#18 - A INTENCIONALIDADE NATURAL
- Deixa Eu Pensar
- 21 de jun. de 2024
- 3 min de leitura
É possível ser natural?
Alguém acabou de contar uma piada. Ela é boa! Você ri! Você não escolheu rir, mas ri com alegria.
Alguém acabou de contar uma piada e ela é péssima. Você não ri! Você não escolheu não rir, apenas não houve graça.
Duas reações que parecem bem naturais, certo?
Mas então, não querendo desagradar o piadista, você se força a dar uma risadinha, só pra afirmar positivamente aquela situação, evitar constrangimentos... Essa reação deixou de ser natural?
Houve um raciocínio lógico, uma decisão, uma intenção internamente justificada que exigiu esforço físico e mental. Um comportamento pensado deixa de ser natural?
E se esse comportamento de sempre tentar evitar desagrados for tão frequente e inconsciente que você o faz automaticamente, sem pensar, da mesma forma que aquela risada espontânea. Isso o tornaria natural?

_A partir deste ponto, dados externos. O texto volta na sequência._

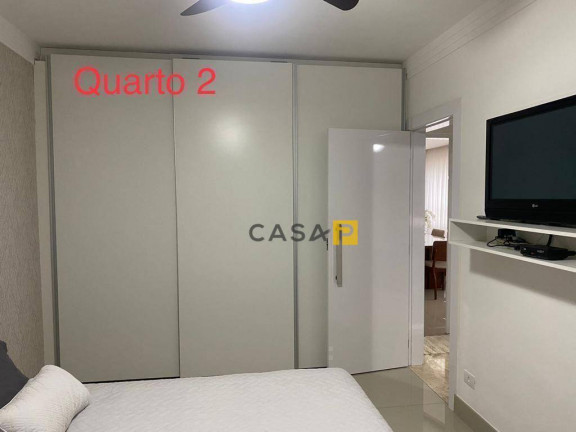 Imagem Apartamento com 3 Quartos à Venda, 262 m² em Jardim Girassol - Americana Imagem Apartamento com 3 Quartos à Venda, 262 m² em Jardim Girassol - Americana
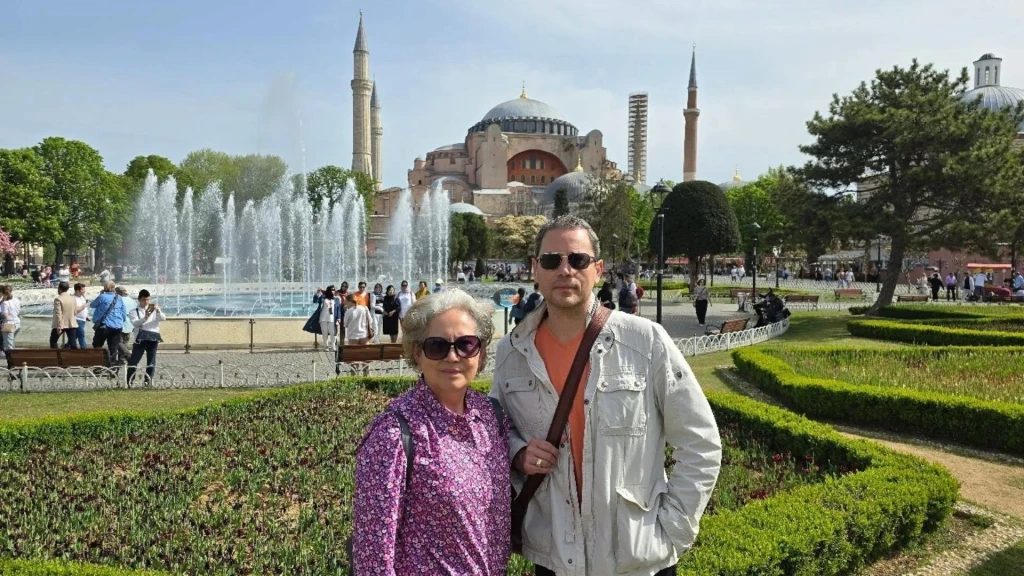 Shore Excursion in Istanbul: 1 or 2 Day Private Guided Tour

O que é o natural, afinal?
A Filosofia da Natureza vai dizer que é tudo aquilo que é físico e respeita as leis e os fenômenos observáveis, incluindo tudo que existe, independente da intervenção humana. As Ciências Naturais já o definem como fenômenos que ocorrem espontaneamente, ainda no mundo físico e que podem ser estudados e entendidos.
Quando falamos sobre Moral e Ética, a coisa fica mais complicada. O natural pode ser usado para declarar comportamentos que são considerados intrínsecos aos seres humanos ou ao mundo animal, contrastando bem daqueles que são culturalmente induzidos.
A Filosofia da Mente aborda a capacidade de explicar estados mentais em termos de processos físicos e biológicos. Mas no dia a dia, usamos o natural de forma banalizada. Geralmente para descrever coisas que ocorrem de forma habitual, sem intervenção.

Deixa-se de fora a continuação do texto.